I’ve never had a girlfriend, I still live with my mum, I’m physically unattractive, I don’t have much savings, I don’t have any career prospects (taxi driver until recently with the pandemic), I have poor social skills and I’m riddled with depression and anxiety. I’m what would traditionally be defined as a “fuck up”, basically.

I see no hope for the future in terms of being able to get on the housing ladder, girlfriend, children etc. Because, let’s face it, who would want anything to do with a loser like me? I wouldn’t. And the even more depressing truth of it is, I doubt those things would even make me happy now. There’s an insatiable black hole inside me that no relationship, social climbing or material possessions are going to fill.

I don’t even know why I decided to write this. I just thought maybe writing my situation down might help me clarify things in my own mind. Anyway, that’s the pathetic loser of a man that is me.
hi depressedAF....i know how tough depression can eb but you got to remember it does and will pass......circumstances change for the better as you move through your 30s.....the 20s for me were a time im glad to see the back of like alot of people....there is so much pressure at that age, but it gets easier as you move through your 30s as i said......i know i used ot feel bad about the fact that i never had a girlfriend, heck i never even had sex. But that does not bother me anymore.
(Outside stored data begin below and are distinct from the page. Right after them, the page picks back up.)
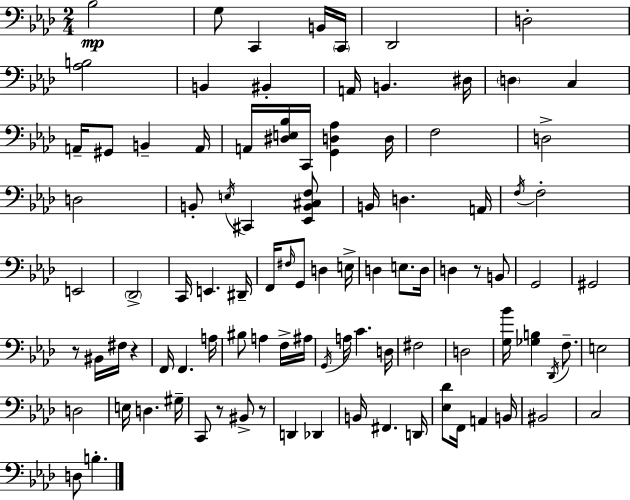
Bb3/h G3/e C2/q B2/s C2/s Db2/h D3/h [Ab3,B3]/h B2/q BIS2/q A2/s B2/q. D#3/s D3/q C3/q A2/s G#2/e B2/q A2/s A2/s [D#3,E3,Bb3]/s C2/s [G2,D3,Ab3]/q D3/s F3/h D3/h D3/h B2/e E3/s C#2/q [Eb2,B2,C#3,F3]/e B2/s D3/q. A2/s F3/s F3/h E2/h Db2/h C2/s E2/q. D#2/s F2/s F#3/s G2/e D3/q E3/s D3/q E3/e. D3/s D3/q R/e B2/e G2/h G#2/h R/e BIS2/s F#3/s R/q F2/s F2/q. A3/s BIS3/e A3/q F3/s A#3/s G2/s A3/s C4/q. D3/s F#3/h D3/h [G3,Bb4]/s [Gb3,B3]/q Db2/s F3/e. E3/h D3/h E3/s D3/q. G#3/s C2/e R/e BIS2/e R/e D2/q Db2/q B2/s F#2/q. D2/s [Eb3,Db4]/e F2/s A2/q B2/s BIS2/h C3/h D3/e B3/q.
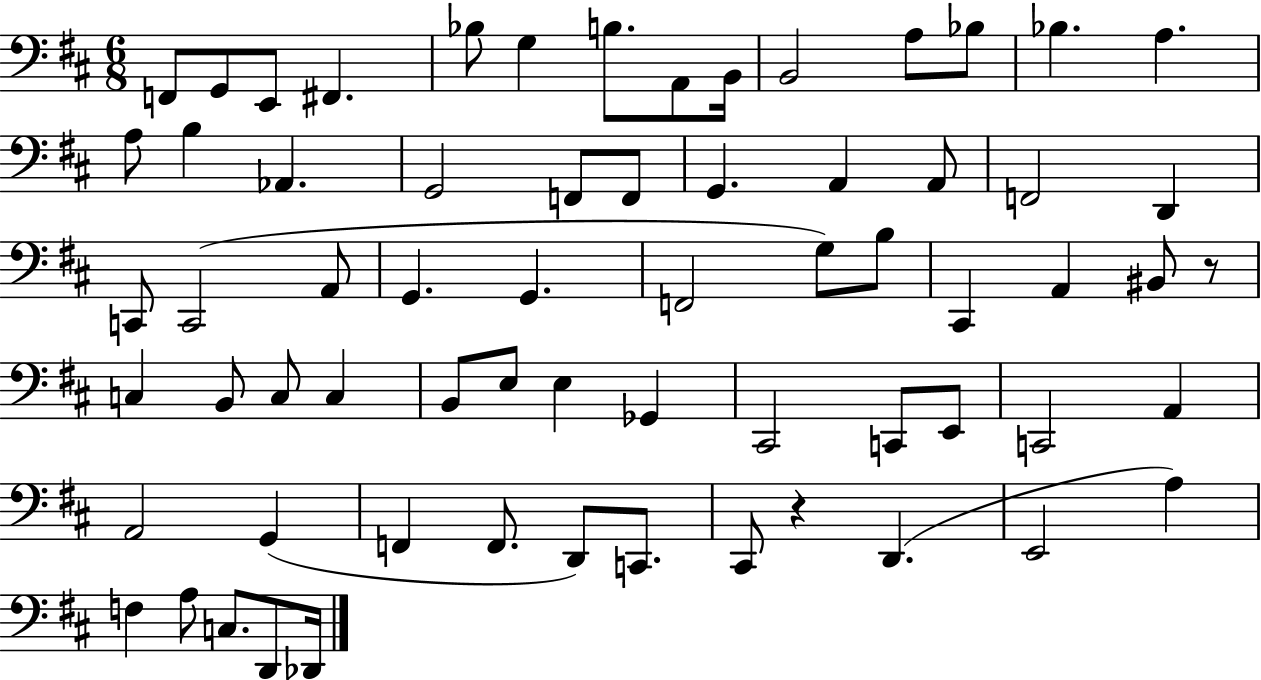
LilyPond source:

{
  \clef bass
  \numericTimeSignature
  \time 6/8
  \key d \major
  \repeat volta 2 { f,8 g,8 e,8 fis,4. | bes8 g4 b8. a,8 b,16 | b,2 a8 bes8 | bes4. a4. | \break a8 b4 aes,4. | g,2 f,8 f,8 | g,4. a,4 a,8 | f,2 d,4 | \break c,8 c,2( a,8 | g,4. g,4. | f,2 g8) b8 | cis,4 a,4 bis,8 r8 | \break c4 b,8 c8 c4 | b,8 e8 e4 ges,4 | cis,2 c,8 e,8 | c,2 a,4 | \break a,2 g,4( | f,4 f,8. d,8) c,8. | cis,8 r4 d,4.( | e,2 a4) | \break f4 a8 c8. d,8 des,16 | } \bar "|."
}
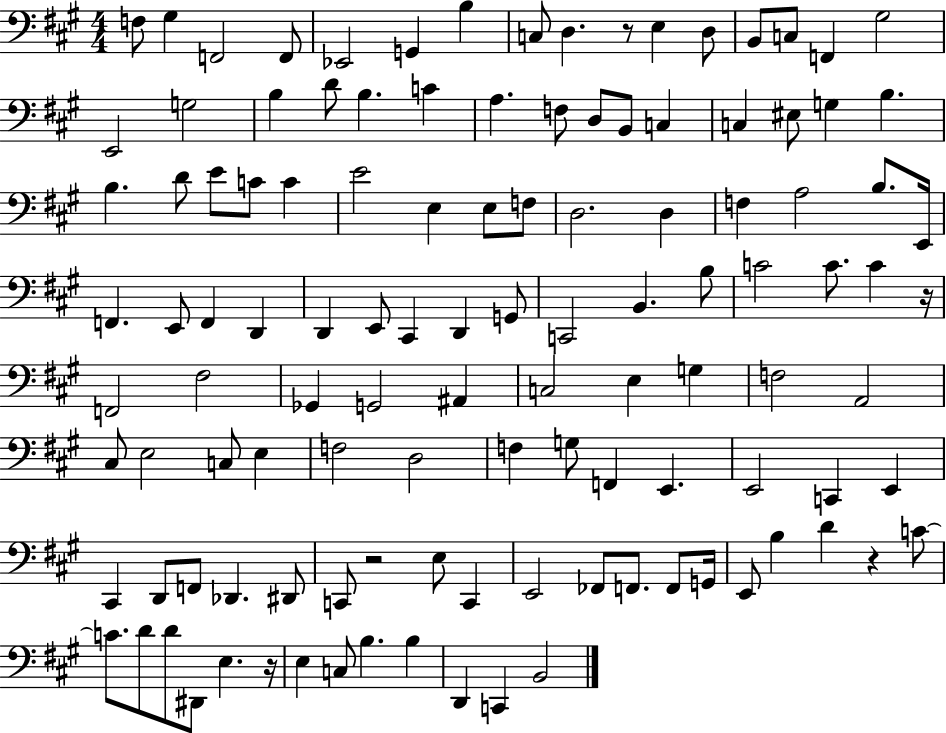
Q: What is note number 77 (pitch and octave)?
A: F3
Anyway, i just want to reassure you that life does get better as you get older, trust me
 
B

Bernard soares

Member
Joined
Feb 13, 2021
Messages
22
Location
Gloucester
Sorry youre feeling so rough. If you haven’t done already ,it may be worth trying medications. Yes they have side effects, but I probably wouldn’t be here without them.
you probably aren’t the loser you think you are - and even if you are you don’t deserve to live a miserable life. Some people are lucky & win the genetic lottery, others aren’t so fortunate. I’m not a “winner” but I’m not going to suffer in silence - you don’t have to either.
 
T

treasurebox

Well-known member
Joined
Aug 14, 2018
Messages
484
Location
Philippines
Know that your situation is not permanent. It will pass. There will be better days for you. You were made to be happy.

Create happy moments because happiness is a choice.

Listen to uplifting, motivational, and encouraging songs on youtube. Music helps a lot. Listen several times a day or whenever you are down.